Crackdown is latest setback for Chinese internet companies seeking growth abroad

Taiwan's move to crackdown on Tencent and Baidu-owned iQiyi has drawn public backlash from fans of their video streaming services. (Source photos by AP)

HONG KONG/TAIPEI -- Taiwan authorities are closing a regulatory loophole to block Tencent Holdings and Baidu from offering video streaming services on the self-governing island, the latest sign that rising geopolitical tensions are weighing on the global ambitions of Chinese internet giants.

Chinese players are already banned from offering video streaming in Taiwan, but Tencent and Baidu's popular iQiyi platform have managed to avoid those restrictions by partnering with local companies. The Ministry of Economic Affairs, however, announced on Tuesday night that it is tightening its regulations to prevent local businesses from distributing video content produced by mainland Chinese companies, effective Sept. 3.

The clampdown, which has been in discussion for years, is part of a broader move by the Taiwanese government to ramp up scrutiny of mainland Chinese companies. It also points to an increasingly fraught business environment for Chinese internet players seeking opportunities on the island, which broke with mainland China after a civil war in the 1940s.

In recent weeks, Taiwanese politicians have been drafting new rules to prevent Chinese companies from circumventing regulations against investing in restricted industries such as semiconductors. They are also considering redefining Hong Kong investments as Chinese investments following the controversial National Security Law imposed in July by Beijing on the former British colony.

Tencent and iQiyi did not immediately respond to Nikkei's request for comment.

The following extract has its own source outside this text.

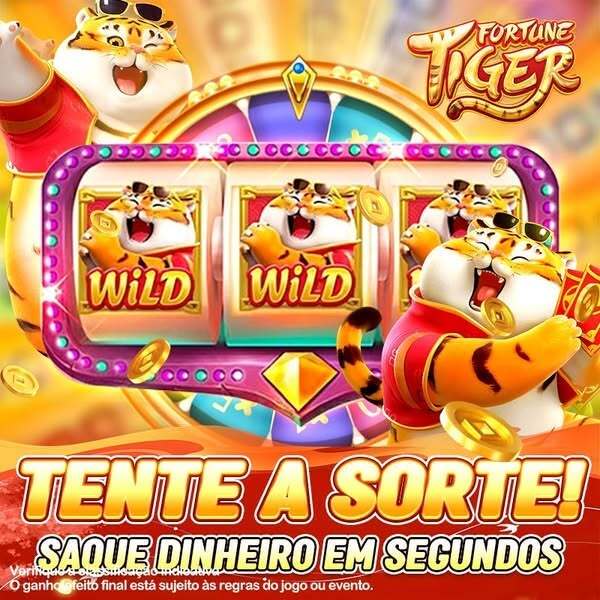 soft works feminino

The new rule comes at a time when Tencent and other Chinese companies are already under geopolitical pressure in international markets. Earlier this month, U.S. President Donald Trump issued an executive order targeting Tencent's hugely popular messaging app WeChat on national security grounds. A separate order issued the same day took aim at TikTok, the streaming app owned by ByteDance. India has also banned WeChat, TikTok and many other Chinese apps since June, citing national security concerns.

Offerings from iQiyi and Tencent are popular with Taiwanese viewers, however, and the decision to block their content has met with public pushback.

"If watching the content on iQiyi carries the risk of being brainwashed, what about watching Chinese dramas on YouTube Premium?" said Connie Liu, a product manager in Taipei whose subscription to iQiyi's streaming service runs until 2022. "I think the government should draft new rules to regulate Chinese [streaming] platform operators rather than just kick them out of Taiwan," she said.

Zoie Hu, a manager at a Taipei-based art theater, echoed that sentiment.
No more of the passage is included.